The journey will not be easy. Since 1982, the girls' team has had four winning seasons. In the past six years, they have had five head coaches.
Add that he accepted the position just two weeks before practice began, and one can see the many obstacles that will have to be overcome.
"Some of those obstacles are overcome when you have a trophy in the trophy case," Brown said. "That earns you some respect. The kids know you have been there. I think it is too much to ask for a total turnaround. We aren't really deep, and that is important. Two weeks from now, I might tell you that the varsity girls are showing that, as sophomores, they can contribute."
"The first thing is to build some pride in the programs."
While the girls are still in the process of learning Brown's terminology for the 2012-13 season, he understands this is not a one-year fix.
"I am not just here for one year," Brown said. "I am here for the long haul. We are trying to put a program together from seventh grade to 12th grade. It will take a while, but we want to do something like what they have done with the soccer program."
Under girls' soccer coach Jacquelyn Suchanek, that Fairfield program posted a 29-7-1 record over the past two seasons, including a 12-0 YAIAA Division III record this fall.
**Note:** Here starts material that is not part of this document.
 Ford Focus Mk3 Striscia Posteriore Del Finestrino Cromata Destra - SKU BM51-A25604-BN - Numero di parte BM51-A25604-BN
Meanwhile, the cupboard is not bare for Brown. Three of the top five scorers return from a team that went 5-15 last year in Erin Donaldson (four points per game), Kelly Quealy (7.7 points per game) and Lexy Junker (4.7 points per game).
"We are more guard-oriented this year," Brown said. "Lots of cuts, floor looks. We want to run, create some defensive pressure and create points. We have a couple of young girls that will be all right, but they don't have much experience, so we will see how they handle it."
Despite their 5-15 record, Fairfield lost five games by 10 points or fewer. The Green Knights did however, endure seven games in which they allowed more than 60 points.
"We want to be a great defensive team, and that is basically where it starts," Brown said. "That is goal one. We need to win games we are supposed to win, and we have to get our kids to give us a chance in the other games."
The first time he walked back into the gym, he felt as though he had just practiced there the preceding day. If he needed any more familiarity, he does not need to look any further than the boys' team, for which Winebrenner is the head coach.
No one knows Brown's coaching style better than Winebrenner.
"He was a great coach," Winebrenner said. "He was one of those coaches that had you work hard in practice. He pushed to get the most out of you. He was still a player-friendly coach. You knew it wasn't personal if he had to yell at you. He was a very likeable guy. He got the most out of us."